Gaming and audio setup
Gaming and audio setup

Appreciating the Growth of Electronic Music in Video Games

Electronic music and video games have gone hand in hand from the very beginning. While the earliest interactive forms of entertainment were bereft of sound effects, let alone full-blown scores, as soon as developers had the tech to add even the most basic melodies to accompany the gameplay, they jumped at the chance to harness it.

There has, of course, been plenty of cross-pollination with the wider music industry, with successive generations of artists being influenced by the soundtracks of the games they played as children and expressing this in their own careers.

Here is a look at how electronic music and gaming have grown together, and what the future might hold for this unshakable partnership.

Sony Playstation 4 controller
Sony Playstation 4 controller

Initial necessities

Today games of all kinds can have full orchestral scores, or pull their soundtracks from any genre of their choosing, complete with music made by top performers from the world of pop, rock, rap, and beyond. This applies to top-flight franchises on PC and console as well as simpler browser-based games like those available at a Canadian online casino, and even mobile games.

Flashback to the origins of the industry and electronic music was a crucial component of games because the hardware of the time was not capable of producing complex polyphonic sound, let alone offering enough onboard storage for fully recorded tracks.

Indeed it is entirely possible to claim that video games were the first place that electronic music was introduced to the mass market. While boundary-pushing EDM artists may have been shaking up the underground scene in the 1970s and 80s, exposure to this kind of music in the average home was more likely to happen in games on consoles from Atari and Nintendo than anywhere else.

Technological evolution

By the 1990s, enough advancement in sound processing and storage had been made to remove the limitations on the type and complexity of the music that could be integrated with games. Even so, electronic music remained inextricably linked with this industry, and by the turn of the millennium, there were even movements dedicated to celebrating and reimagining the influences of the 8-bit and 16-bit eras.

This period also brought about an increased crossover between EDM and other genres, with video games acting as the melting pot in which these all mixed and intermingled.
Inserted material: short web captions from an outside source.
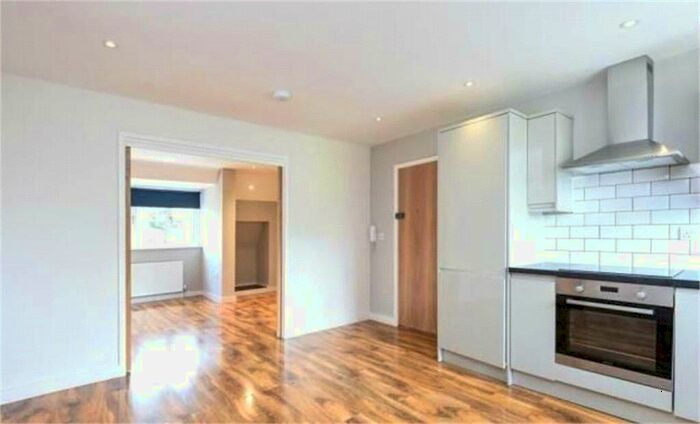 1 Bedroom Apartment To Rent In Moss Lodge, Nether Street, North Finchley, N12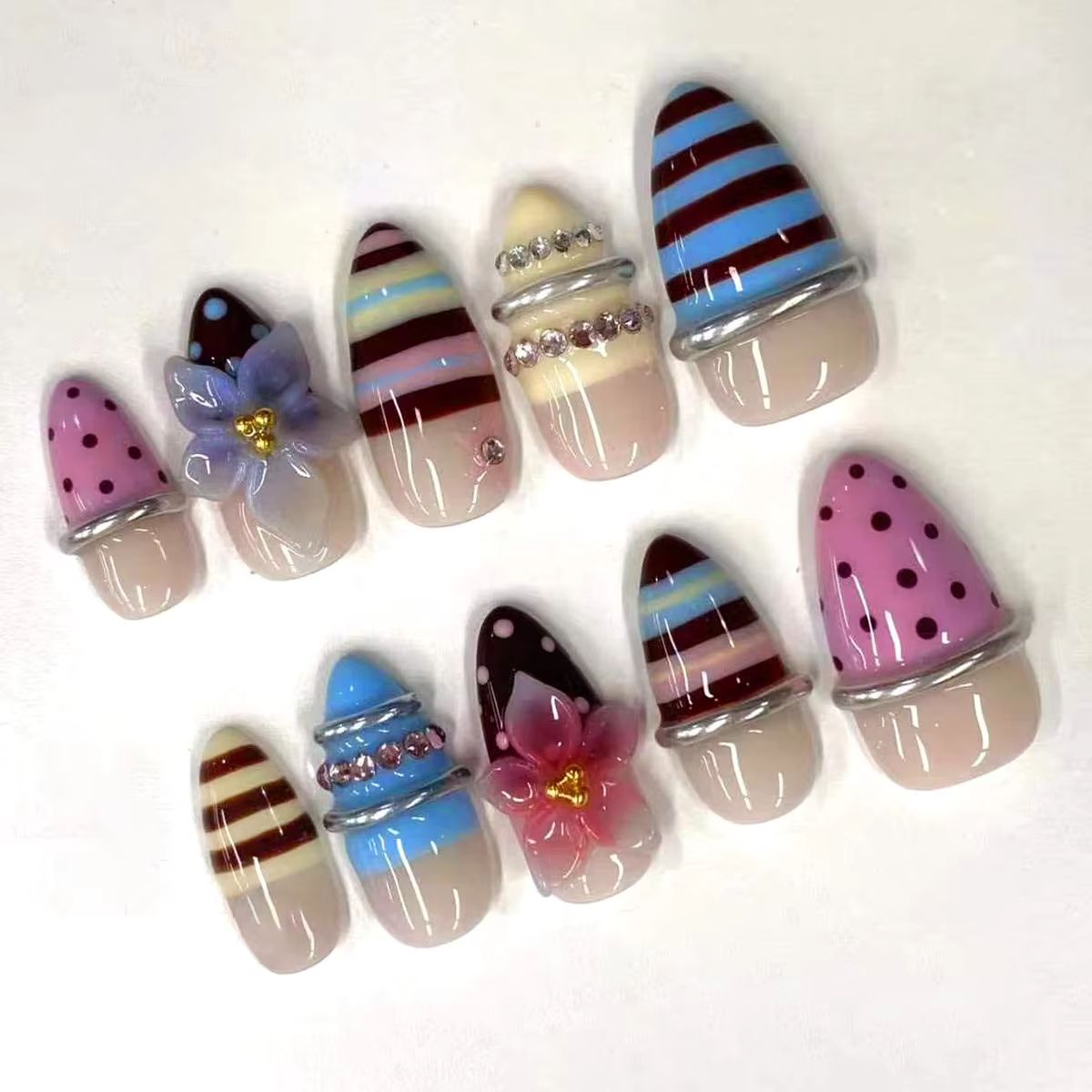 24 stuks amandelvormige opzetn - Nail Art Red Wine Cat Eye recensie en prijs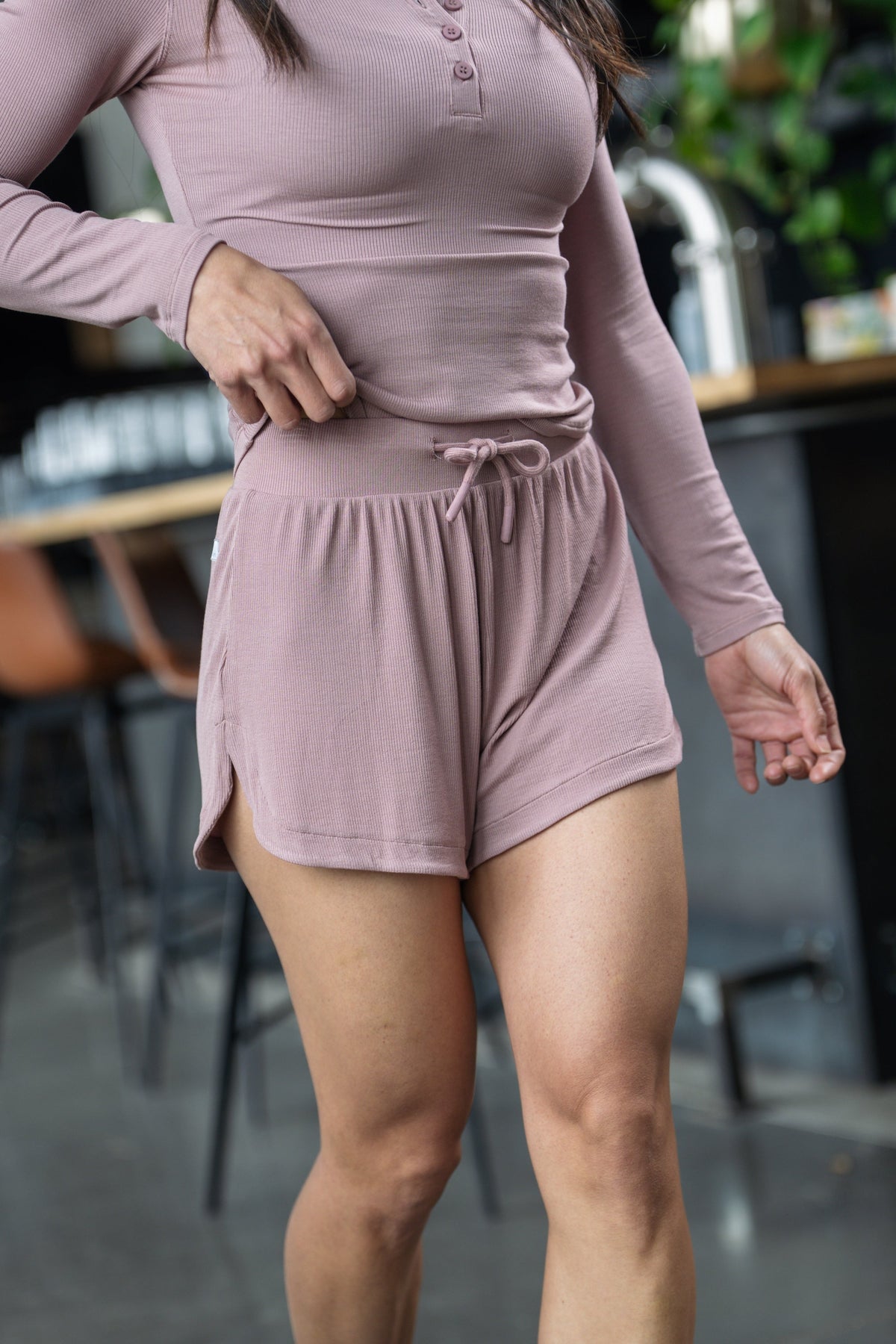 calm FEATHER-SOFT lounge short - Pendo Store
Iconic first person shooter Doom, for example, had an entirely synthesized soundtrack that sounded innately electronic but was composed to evoke the riffs and rocking beats of heavy metal, which it did with great success.

It was not just the type of music being played, but how it was used from a gameplay perspective, that also emerged as a new facet during this decade. Music was not only used to evoke the mood and emotion of the onscreen action, but also to give players a clearer sense of the setting and even the specific environment.

Retro sensibilities

In the past decade, the growth of the video game industry has been such that there are niches for almost every conceivable interest, and this has further helped cement the significance of electronic music in this context.

It is the indie games of the 2000s and 2010s, including the likes of Spelunky, Fez, Cave Story, Celeste, and a host of others that have harked back to early eras in many ways, including through the use of electronic music. Meanwhile more modern games with a setting that suits the retro theme, such as Hotline Miami, and even futuristically themed games like Mirror’s Edge and Cyberpunk 2077, have been proactive in their support of EDM artists.

Video games and electronic music look set to remain close allies, and there is no denying that they have helped one another grow and prosper over the past half-century.